Entries provided |
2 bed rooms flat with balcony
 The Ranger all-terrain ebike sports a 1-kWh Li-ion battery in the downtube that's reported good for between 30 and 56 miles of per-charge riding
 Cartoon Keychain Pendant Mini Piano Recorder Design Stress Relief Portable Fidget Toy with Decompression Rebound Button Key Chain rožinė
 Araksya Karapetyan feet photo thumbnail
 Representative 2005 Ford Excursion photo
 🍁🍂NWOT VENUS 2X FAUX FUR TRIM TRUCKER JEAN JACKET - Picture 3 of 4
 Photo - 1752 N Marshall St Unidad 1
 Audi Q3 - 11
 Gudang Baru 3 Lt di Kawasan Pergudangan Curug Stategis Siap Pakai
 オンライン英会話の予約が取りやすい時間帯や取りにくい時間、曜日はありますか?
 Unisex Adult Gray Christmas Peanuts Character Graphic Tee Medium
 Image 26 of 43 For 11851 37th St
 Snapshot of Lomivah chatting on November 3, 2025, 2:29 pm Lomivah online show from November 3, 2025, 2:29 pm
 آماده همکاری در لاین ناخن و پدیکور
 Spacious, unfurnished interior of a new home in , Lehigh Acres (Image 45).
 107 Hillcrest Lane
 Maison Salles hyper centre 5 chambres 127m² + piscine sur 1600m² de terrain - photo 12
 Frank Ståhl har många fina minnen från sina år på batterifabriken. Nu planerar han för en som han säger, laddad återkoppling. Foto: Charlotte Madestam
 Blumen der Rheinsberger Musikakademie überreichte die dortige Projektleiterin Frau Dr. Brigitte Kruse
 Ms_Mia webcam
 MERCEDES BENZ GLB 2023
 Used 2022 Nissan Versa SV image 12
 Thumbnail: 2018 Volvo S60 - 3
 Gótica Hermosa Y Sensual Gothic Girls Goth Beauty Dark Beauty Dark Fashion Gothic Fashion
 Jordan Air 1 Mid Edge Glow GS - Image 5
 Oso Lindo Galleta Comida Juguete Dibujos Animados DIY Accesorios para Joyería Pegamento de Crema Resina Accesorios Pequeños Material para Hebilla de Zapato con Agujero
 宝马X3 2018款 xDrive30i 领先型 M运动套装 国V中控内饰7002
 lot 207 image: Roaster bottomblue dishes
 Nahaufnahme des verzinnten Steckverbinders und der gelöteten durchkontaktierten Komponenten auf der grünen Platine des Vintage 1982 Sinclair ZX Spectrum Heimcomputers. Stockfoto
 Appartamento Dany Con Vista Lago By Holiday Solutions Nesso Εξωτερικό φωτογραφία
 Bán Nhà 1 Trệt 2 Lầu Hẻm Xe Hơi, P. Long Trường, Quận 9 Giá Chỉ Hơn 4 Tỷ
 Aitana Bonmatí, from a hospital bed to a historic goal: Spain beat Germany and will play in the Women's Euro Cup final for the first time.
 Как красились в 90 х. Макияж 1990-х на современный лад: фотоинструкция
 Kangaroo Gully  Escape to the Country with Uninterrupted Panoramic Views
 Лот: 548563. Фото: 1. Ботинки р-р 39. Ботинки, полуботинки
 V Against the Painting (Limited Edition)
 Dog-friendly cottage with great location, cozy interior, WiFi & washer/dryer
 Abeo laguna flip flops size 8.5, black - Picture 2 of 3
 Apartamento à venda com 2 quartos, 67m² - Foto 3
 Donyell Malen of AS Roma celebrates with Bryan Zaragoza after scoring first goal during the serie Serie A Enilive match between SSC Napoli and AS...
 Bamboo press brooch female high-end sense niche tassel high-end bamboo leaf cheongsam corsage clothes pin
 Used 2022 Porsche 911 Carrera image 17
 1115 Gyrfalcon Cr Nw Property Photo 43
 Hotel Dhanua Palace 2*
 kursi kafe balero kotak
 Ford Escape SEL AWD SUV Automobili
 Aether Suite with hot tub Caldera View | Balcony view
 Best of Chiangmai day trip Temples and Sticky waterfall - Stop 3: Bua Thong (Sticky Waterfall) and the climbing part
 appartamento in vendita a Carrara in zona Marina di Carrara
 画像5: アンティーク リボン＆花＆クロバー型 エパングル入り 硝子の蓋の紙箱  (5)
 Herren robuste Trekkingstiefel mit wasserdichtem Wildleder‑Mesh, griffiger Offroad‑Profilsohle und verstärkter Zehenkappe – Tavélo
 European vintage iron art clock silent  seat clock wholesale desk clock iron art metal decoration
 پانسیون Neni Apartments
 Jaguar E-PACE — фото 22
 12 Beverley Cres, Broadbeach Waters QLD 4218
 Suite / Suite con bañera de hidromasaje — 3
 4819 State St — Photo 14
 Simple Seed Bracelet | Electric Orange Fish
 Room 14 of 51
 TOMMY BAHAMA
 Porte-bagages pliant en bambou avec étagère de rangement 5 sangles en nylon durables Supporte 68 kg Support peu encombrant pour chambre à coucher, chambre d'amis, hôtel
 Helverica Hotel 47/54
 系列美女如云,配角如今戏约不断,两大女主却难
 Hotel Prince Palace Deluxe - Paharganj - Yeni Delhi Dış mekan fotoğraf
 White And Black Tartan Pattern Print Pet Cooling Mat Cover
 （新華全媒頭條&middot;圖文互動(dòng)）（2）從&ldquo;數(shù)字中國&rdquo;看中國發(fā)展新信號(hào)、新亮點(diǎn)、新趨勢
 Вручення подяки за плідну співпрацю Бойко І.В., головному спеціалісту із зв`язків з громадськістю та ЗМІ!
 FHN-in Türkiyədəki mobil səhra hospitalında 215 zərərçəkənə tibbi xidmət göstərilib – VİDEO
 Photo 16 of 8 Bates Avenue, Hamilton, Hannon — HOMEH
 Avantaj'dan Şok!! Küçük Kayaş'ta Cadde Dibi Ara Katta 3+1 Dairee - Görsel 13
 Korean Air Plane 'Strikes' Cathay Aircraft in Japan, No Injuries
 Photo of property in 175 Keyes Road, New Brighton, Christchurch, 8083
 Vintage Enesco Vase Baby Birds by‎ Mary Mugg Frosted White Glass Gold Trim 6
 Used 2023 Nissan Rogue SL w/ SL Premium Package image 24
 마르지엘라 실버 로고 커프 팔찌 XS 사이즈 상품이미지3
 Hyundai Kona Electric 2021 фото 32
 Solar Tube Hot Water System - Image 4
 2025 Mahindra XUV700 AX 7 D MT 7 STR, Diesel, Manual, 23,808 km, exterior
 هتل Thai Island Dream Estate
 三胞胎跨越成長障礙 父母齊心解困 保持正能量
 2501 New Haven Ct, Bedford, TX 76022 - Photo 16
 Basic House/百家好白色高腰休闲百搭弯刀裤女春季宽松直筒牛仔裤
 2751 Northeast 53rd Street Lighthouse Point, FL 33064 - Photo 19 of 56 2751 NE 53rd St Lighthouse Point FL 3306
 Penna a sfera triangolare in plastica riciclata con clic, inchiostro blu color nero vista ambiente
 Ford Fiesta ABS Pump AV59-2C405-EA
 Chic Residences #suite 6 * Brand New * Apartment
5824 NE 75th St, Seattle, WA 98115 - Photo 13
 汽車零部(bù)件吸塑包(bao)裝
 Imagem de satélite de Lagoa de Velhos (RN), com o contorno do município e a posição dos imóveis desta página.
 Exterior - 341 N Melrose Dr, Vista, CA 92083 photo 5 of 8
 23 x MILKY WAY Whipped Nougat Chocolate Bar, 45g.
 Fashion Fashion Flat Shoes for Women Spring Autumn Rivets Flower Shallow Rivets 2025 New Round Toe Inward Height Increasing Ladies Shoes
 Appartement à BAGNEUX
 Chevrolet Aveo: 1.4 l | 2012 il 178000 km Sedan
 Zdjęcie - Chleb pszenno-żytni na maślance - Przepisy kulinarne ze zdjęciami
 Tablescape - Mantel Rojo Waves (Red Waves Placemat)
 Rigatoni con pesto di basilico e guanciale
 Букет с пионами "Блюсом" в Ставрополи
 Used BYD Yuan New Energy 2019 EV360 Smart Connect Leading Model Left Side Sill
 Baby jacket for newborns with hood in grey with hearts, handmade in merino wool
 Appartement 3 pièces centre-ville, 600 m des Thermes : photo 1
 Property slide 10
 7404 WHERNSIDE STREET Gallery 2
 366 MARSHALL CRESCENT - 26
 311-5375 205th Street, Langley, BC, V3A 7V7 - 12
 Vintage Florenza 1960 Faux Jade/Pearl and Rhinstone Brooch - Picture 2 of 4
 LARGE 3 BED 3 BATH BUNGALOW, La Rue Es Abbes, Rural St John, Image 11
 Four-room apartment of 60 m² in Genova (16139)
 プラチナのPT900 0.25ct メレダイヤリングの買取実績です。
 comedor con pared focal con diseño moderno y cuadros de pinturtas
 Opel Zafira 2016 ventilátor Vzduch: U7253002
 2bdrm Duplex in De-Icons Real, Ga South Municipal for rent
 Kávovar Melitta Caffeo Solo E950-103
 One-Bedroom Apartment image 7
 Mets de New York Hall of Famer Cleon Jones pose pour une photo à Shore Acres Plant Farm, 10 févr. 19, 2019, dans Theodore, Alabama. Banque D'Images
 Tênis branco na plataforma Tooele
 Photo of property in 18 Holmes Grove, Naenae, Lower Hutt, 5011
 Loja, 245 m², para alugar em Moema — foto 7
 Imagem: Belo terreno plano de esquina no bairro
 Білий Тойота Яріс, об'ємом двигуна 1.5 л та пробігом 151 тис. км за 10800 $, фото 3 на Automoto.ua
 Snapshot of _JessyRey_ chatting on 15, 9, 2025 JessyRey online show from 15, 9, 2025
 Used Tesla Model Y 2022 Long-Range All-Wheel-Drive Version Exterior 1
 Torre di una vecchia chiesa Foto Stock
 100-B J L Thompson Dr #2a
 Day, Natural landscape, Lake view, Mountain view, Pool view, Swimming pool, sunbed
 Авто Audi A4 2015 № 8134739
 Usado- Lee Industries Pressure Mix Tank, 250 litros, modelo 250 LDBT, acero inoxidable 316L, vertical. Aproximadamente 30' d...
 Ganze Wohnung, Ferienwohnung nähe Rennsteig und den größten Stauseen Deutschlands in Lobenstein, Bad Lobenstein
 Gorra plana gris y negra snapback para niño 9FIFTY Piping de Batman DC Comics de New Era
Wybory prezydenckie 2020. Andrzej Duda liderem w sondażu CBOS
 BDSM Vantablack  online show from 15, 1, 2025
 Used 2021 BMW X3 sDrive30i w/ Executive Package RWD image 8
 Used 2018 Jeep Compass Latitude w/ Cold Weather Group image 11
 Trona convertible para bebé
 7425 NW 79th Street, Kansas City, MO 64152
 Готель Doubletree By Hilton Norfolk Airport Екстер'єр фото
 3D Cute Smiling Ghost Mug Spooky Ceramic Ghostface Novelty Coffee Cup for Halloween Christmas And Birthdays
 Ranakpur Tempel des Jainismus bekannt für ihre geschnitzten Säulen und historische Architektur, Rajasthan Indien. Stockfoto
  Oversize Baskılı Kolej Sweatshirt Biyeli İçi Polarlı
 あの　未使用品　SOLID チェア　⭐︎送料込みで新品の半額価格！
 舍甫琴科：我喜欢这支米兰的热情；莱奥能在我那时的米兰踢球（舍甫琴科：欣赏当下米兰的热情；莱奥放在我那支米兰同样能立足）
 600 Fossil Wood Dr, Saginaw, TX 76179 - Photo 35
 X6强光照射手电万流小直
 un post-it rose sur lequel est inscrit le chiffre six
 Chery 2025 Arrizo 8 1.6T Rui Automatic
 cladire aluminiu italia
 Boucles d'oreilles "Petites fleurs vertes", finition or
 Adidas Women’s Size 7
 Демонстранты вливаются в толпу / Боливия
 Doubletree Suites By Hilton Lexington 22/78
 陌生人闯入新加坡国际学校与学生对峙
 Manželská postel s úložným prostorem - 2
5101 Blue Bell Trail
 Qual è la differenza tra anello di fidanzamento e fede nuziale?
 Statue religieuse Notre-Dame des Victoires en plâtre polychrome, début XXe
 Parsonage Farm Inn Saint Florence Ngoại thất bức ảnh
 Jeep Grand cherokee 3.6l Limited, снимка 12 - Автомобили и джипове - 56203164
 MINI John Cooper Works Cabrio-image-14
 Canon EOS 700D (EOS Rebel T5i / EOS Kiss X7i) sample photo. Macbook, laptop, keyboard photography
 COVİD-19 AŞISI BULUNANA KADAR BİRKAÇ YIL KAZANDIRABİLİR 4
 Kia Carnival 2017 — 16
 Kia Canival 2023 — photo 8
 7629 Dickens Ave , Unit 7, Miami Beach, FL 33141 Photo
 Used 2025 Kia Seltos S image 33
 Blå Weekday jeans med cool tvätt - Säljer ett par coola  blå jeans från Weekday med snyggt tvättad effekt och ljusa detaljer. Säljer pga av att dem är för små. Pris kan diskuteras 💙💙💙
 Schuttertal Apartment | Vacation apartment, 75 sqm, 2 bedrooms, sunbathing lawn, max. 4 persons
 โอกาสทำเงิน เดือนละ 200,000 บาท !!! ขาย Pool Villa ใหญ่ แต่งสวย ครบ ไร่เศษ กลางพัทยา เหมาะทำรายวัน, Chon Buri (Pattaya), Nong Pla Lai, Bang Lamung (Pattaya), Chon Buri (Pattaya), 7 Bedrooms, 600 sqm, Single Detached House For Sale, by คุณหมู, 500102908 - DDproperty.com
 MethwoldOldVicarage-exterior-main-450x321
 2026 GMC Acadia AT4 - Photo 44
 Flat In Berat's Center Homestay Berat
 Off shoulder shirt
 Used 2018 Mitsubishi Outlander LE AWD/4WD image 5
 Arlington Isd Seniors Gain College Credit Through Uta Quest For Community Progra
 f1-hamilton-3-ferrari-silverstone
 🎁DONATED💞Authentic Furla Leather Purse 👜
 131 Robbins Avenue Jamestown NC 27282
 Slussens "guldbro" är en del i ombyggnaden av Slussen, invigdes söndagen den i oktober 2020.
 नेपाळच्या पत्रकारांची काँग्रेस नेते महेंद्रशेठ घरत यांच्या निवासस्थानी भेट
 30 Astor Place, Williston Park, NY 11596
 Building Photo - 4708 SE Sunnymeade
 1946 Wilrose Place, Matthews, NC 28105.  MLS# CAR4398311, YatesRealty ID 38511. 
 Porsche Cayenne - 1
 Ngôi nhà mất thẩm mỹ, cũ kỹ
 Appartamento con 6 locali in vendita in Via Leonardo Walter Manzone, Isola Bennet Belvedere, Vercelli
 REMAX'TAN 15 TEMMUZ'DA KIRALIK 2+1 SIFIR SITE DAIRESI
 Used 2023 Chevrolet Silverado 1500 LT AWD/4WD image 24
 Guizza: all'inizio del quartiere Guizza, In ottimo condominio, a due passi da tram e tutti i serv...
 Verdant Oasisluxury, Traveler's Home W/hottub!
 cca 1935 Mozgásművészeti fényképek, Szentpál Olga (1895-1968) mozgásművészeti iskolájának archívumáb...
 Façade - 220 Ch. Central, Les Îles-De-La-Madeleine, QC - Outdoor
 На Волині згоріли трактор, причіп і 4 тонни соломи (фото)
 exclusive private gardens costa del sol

Assigned task |
Give back exactly the lines of the listing above, starting with its first line and ending with the line that holds "Maison Salles hyper".

Your solution |
2 bed rooms flat with balcony
 The Ranger all-terrain ebike sports a 1-kWh Li-ion battery in the downtube that's reported good for between 30 and 56 miles of per-charge riding
 Cartoon Keychain Pendant Mini Piano Recorder Design Stress Relief Portable Fidget Toy with Decompression Rebound Button Key Chain rožinė
 Araksya Karapetyan feet photo thumbnail
 Representative 2005 Ford Excursion photo
 🍁🍂NWOT VENUS 2X FAUX FUR TRIM TRUCKER JEAN JACKET - Picture 3 of 4
 Photo - 1752 N Marshall St Unidad 1
 Audi Q3 - 11
 Gudang Baru 3 Lt di Kawasan Pergudangan Curug Stategis Siap Pakai
 オンライン英会話の予約が取りやすい時間帯や取りにくい時間、曜日はありますか?
 Unisex Adult Gray Christmas Peanuts Character Graphic Tee Medium
 Image 26 of 43 For 11851 37th St
 Snapshot of Lomivah chatting on November 3, 2025, 2:29 pm Lomivah online show from November 3, 2025, 2:29 pm
 آماده همکاری در لاین ناخن و پدیکور
 Spacious, unfurnished interior of a new home in , Lehigh Acres (Image 45).
 107 Hillcrest Lane
 Maison Salles hyper centre 5 chambres 127m² + piscine sur 1600m² de terrain - photo 12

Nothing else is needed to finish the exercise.